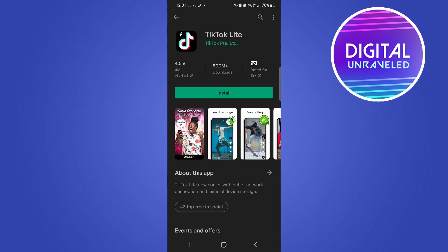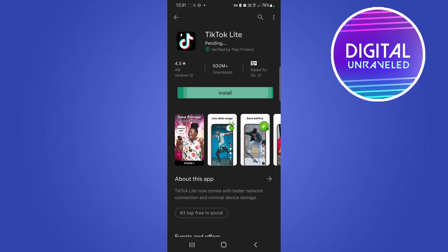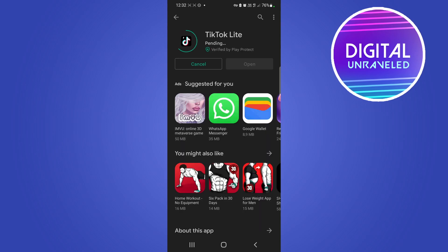All you need to do is tap on install. It'll say pending for a moment and then begin the download. I suggest you make sure you're on a Wi-Fi connection so it doesn't use up all your data, but it is only 9.43 megabytes so it's always recommended to download apps on Wi-Fi.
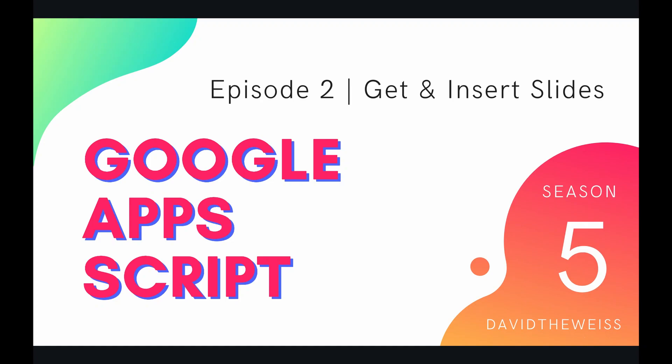Hey coders and welcome to episode 2 of our slide service playlist on the Google Apps Script course. In this video we're going to be talking about getting and inserting slides into the slide deck.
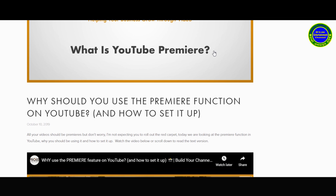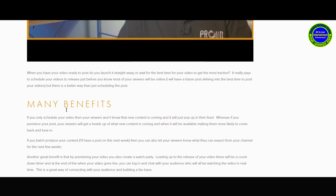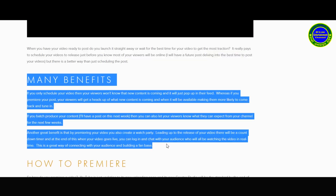The platform is used for Premiere. There are benefits to using it for your video. I will highlight these benefits and share them with you.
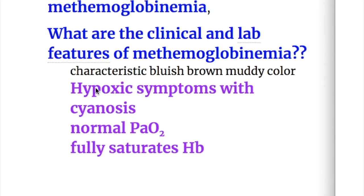What are the clinical and lab features of methemoglobinemia? There is a characteristic bluish-brown muddy color, hypoxic symptoms with cyanosis, with normal PO2 and fully saturated hemoglobin.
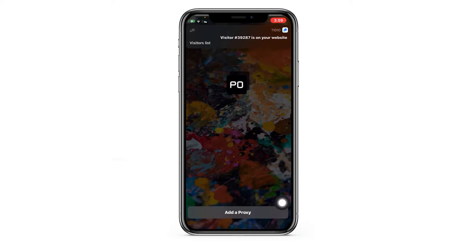First, download, install, and open the Potazzo Lite app. Upon opening, you'll instantly notice 'Add a Proxy' at the bottom of the home screen. Tap on it.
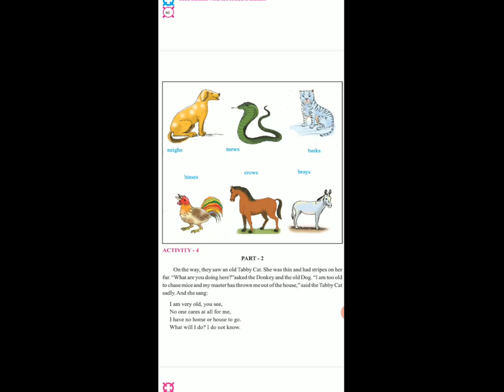I am very old, you see. No one cares at all for me. I have no home or house to go. What will I do? I do not know. Wo wapas bol rahi thi ki aap dekh rahe ho main bahut old ho chuki hoon, mere koi care karne wala nahin hai, mere paas koi ghar bhi nahin hai, main kya karoon?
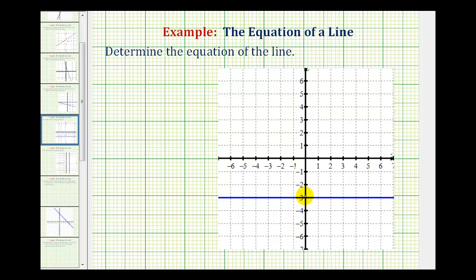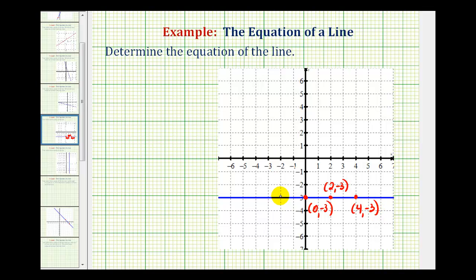The y-intercept is negative three, so this point here has the coordinates zero, negative three. This point here has the coordinates two, negative three. This point here would have the coordinates four, negative three. Looking over to the left, this point here would have coordinates negative two, negative three. And this point here would have coordinates negative four, negative three. You'll notice a pattern — each point on this line has a y-coordinate of negative three.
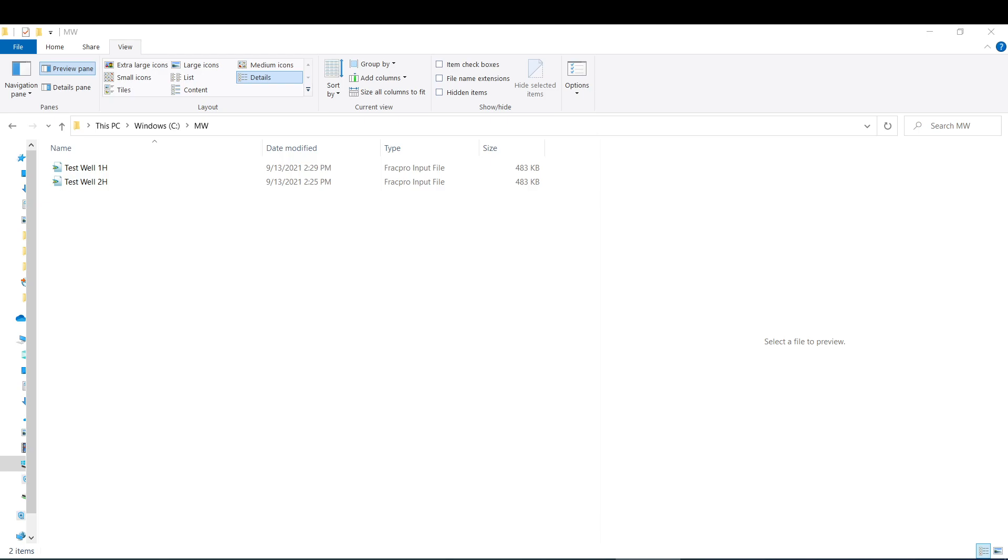Alright everybody, my name is Anthony Salvatore. I work at FracPro and today I'm going to show you how to create a multiple wellbore file for use with zipper operations.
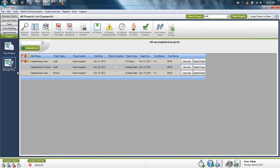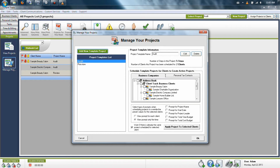To assign projects to your clients in the system, go to the Projects section and click on Manage Projects found on the left hand side in the Dashbar. In here, you'll have a list of saved projects you've previously created.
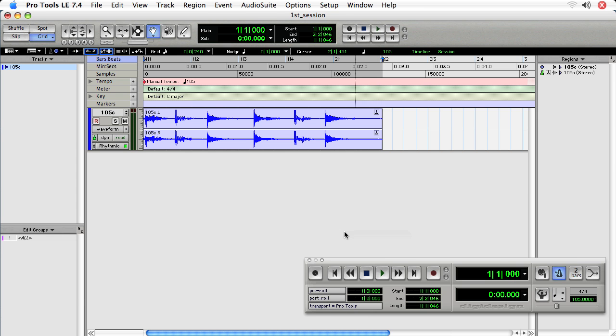In this movie we're going to take a look at some really helpful extras that will improve your workflow, some of which we've already mentioned in previous movies but they bear repeating. The first is the use of the keyboard focus option, that's indicated by the A to Z icon.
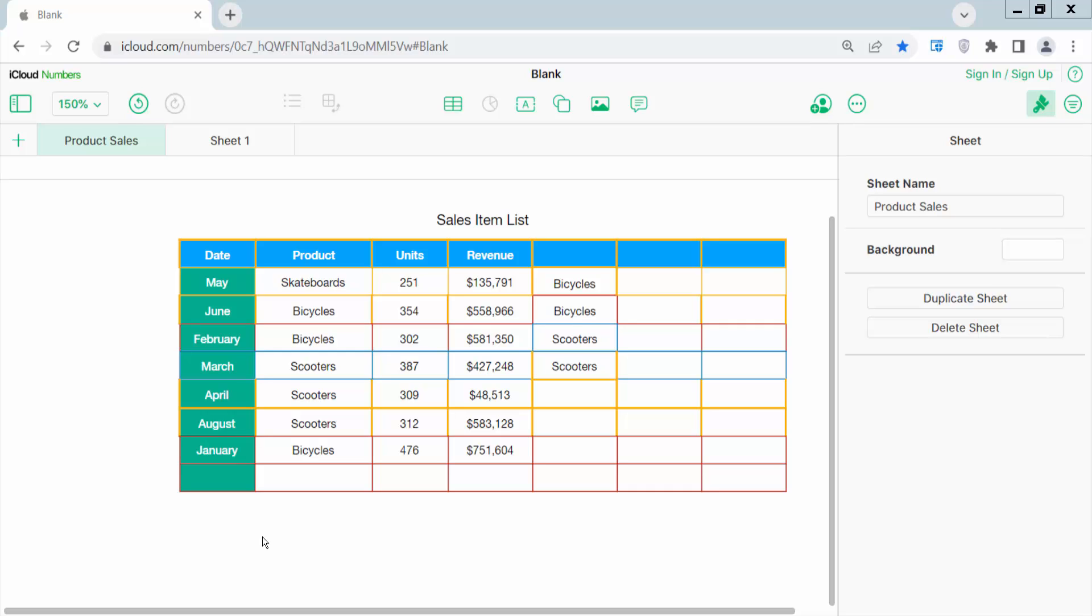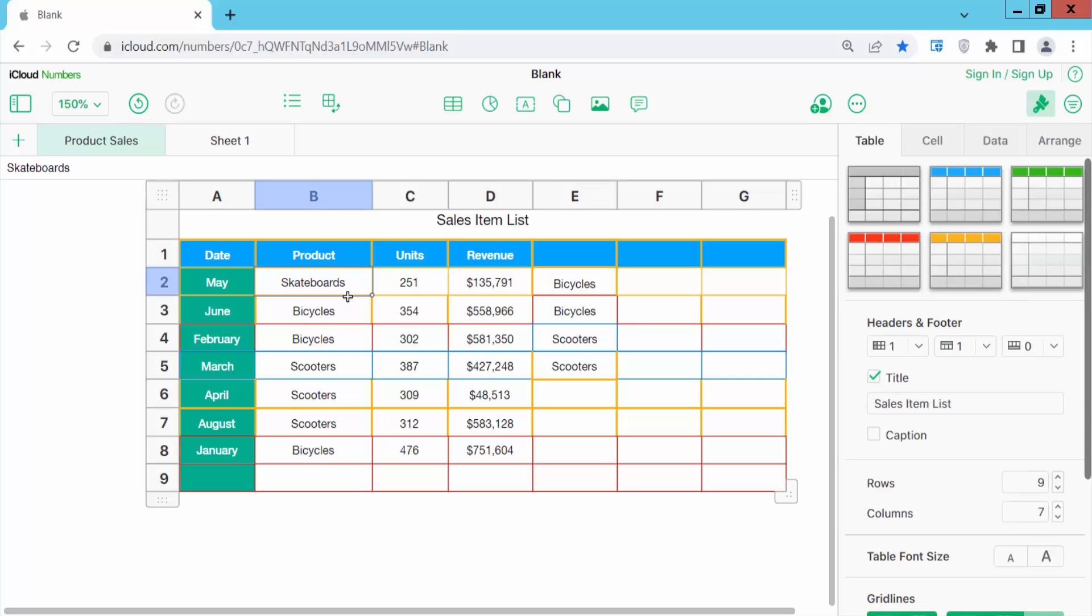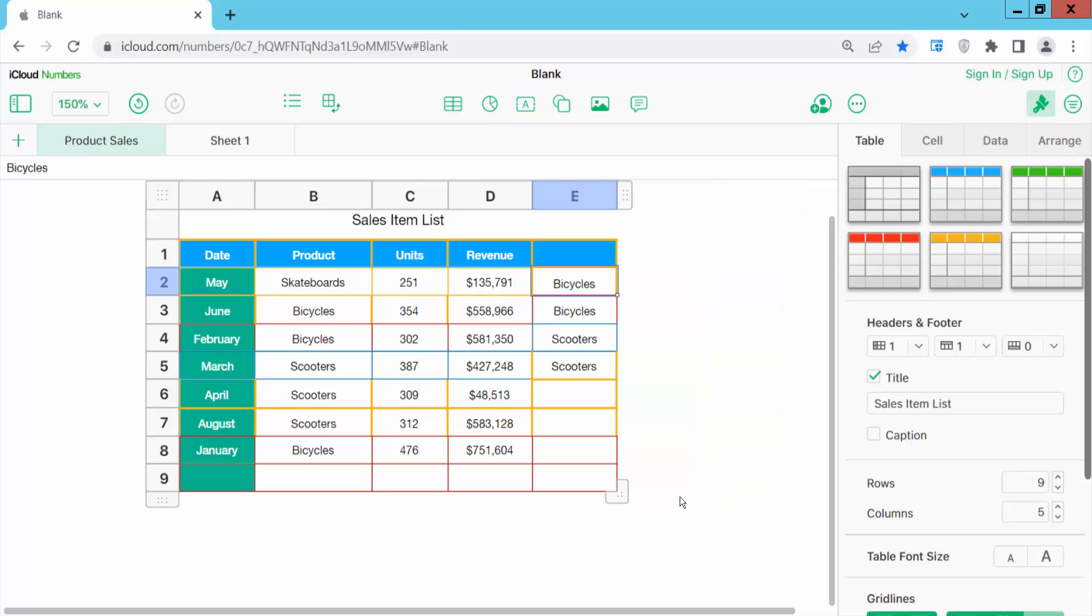Open your Numbers sheet. You can use iCloud Numbers or Mac. Click on the table and I will delete this column. Click on this rectangle and drag it, and see this column is already deleted.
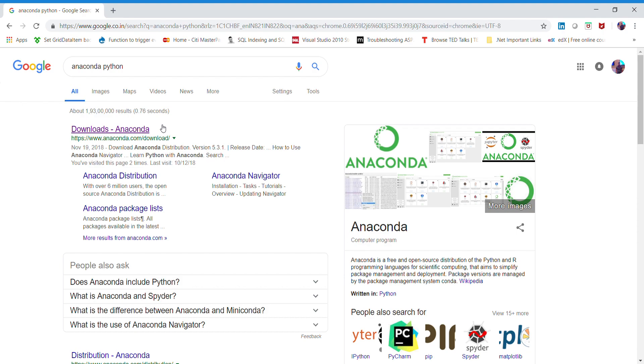Let's get into the installation of Anaconda distribution, which you can see everywhere. Most of the data scientists all around the world prefer Python programming language or R programming language, and this Anaconda distribution will help you quick start your journey into data science, machine learning, and deep learning.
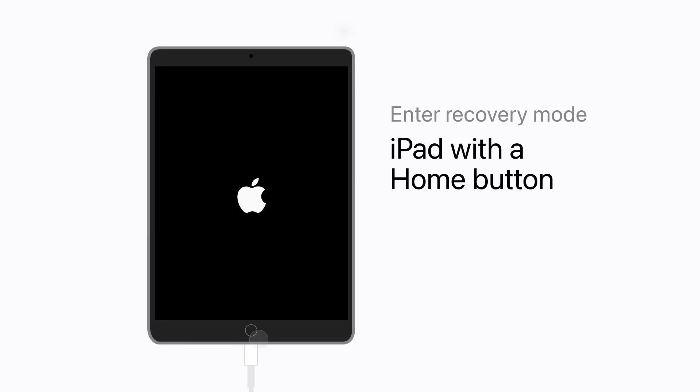If you have an iPad with a home button, press and hold the top button and the home button at the same time. Keep holding the buttons until the recovery mode screen appears. This might take a moment or two.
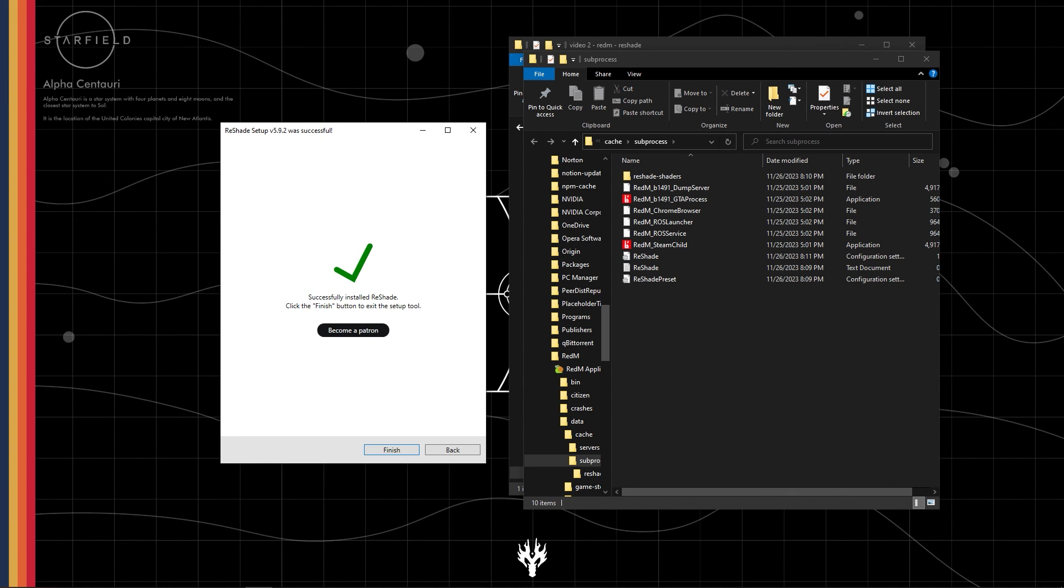Make sure you haven't installed Reshade in your main RDR2 game directory. Installing it in both locations will cause conflicts and prevent Reshade from working properly for RedM.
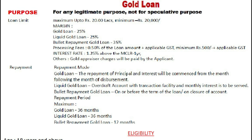Gold loans are available for any legitimate purpose but not for speculative purposes. Loan limit: maximum up to rupees 20 lakhs and minimum rupees 20,000. Margin for gold loan is 25%, for liquid gold loan is 25%, and for bullet repayment gold loan is 35%. Processing fees are 0.5% of the loan amount plus applicable GST, though fees and interest rates may differ from bank to bank. Gold appraiser charges are paid by the applicant.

==============================

Each entry is to be output exactly, and no picture is to appear.

All you need to do is tap on install. It'll say pending for a moment and then begin the download. I suggest you make sure you're on a Wi-Fi connection so it doesn't use up all your data, but it is only 9.43 megabytes so it's always recommended to download apps on Wi-Fi.
Hey coders and welcome to episode 2 of our slide service playlist on the Google Apps Script course. In this video we're going to be talking about getting and inserting slides into the slide deck.
The platform is used for Premiere. There are benefits to using it for your video. I will highlight these benefits and share them with you.
What are the clinical and lab features of methemoglobinemia? There is a characteristic bluish-brown muddy color, hypoxic symptoms with cyanosis, with normal PO2 and fully saturated hemoglobin.
First, download, install, and open the Potazzo Lite app. Upon opening, you'll instantly notice 'Add a Proxy' at the bottom of the home screen. Tap on it.
I am very old, you see. No one cares at all for me. I have no home or house to go. What will I do? I do not know. Wo wapas bol rahi thi ki aap dekh rahe ho main bahut old ho chuki hoon, mere koi care karne wala nahin hai, mere paas koi ghar bhi nahin hai, main kya karoon?
The y-intercept is negative three, so this point here has the coordinates zero, negative three. This point here has the coordinates two, negative three. This point here would have the coordinates four, negative three. Looking over to the left, this point here would have coordinates negative two, negative three. And this point here would have coordinates negative four, negative three. You'll notice a pattern — each point on this line has a y-coordinate of negative three.
Alright everybody, my name is Anthony Salvatore. I work at FracPro and today I'm going to show you how to create a multiple wellbore file for use with zipper operations.
To assign projects to your clients in the system, go to the Projects section and click on Manage Projects found on the left hand side in the Dashbar. In here, you'll have a list of saved projects you've previously created.
In this movie we're going to take a look at some really helpful extras that will improve your workflow, some of which we've already mentioned in previous movies but they bear repeating. The first is the use of the keyboard focus option, that's indicated by the A to Z icon.
Open your Numbers sheet. You can use iCloud Numbers or Mac. Click on the table and I will delete this column. Click on this rectangle and drag it, and see this column is already deleted.
Let's get into the installation of Anaconda distribution, which you can see everywhere. Most of the data scientists all around the world prefer Python programming language or R programming language, and this Anaconda distribution will help you quick start your journey into data science, machine learning, and deep learning.
If you have an iPad with a home button, press and hold the top button and the home button at the same time. Keep holding the buttons until the recovery mode screen appears. This might take a moment or two.
Make sure you haven't installed Reshade in your main RDR2 game directory. Installing it in both locations will cause conflicts and prevent Reshade from working properly for RedM.
Gold loans are available for any legitimate purpose but not for speculative purposes. Loan limit: maximum up to rupees 20 lakhs and minimum rupees 20,000. Margin for gold loan is 25%, for liquid gold loan is 25%, and for bullet repayment gold loan is 35%. Processing fees are 0.5% of the loan amount plus applicable GST, though fees and interest rates may differ from bank to bank. Gold appraiser charges are paid by the applicant.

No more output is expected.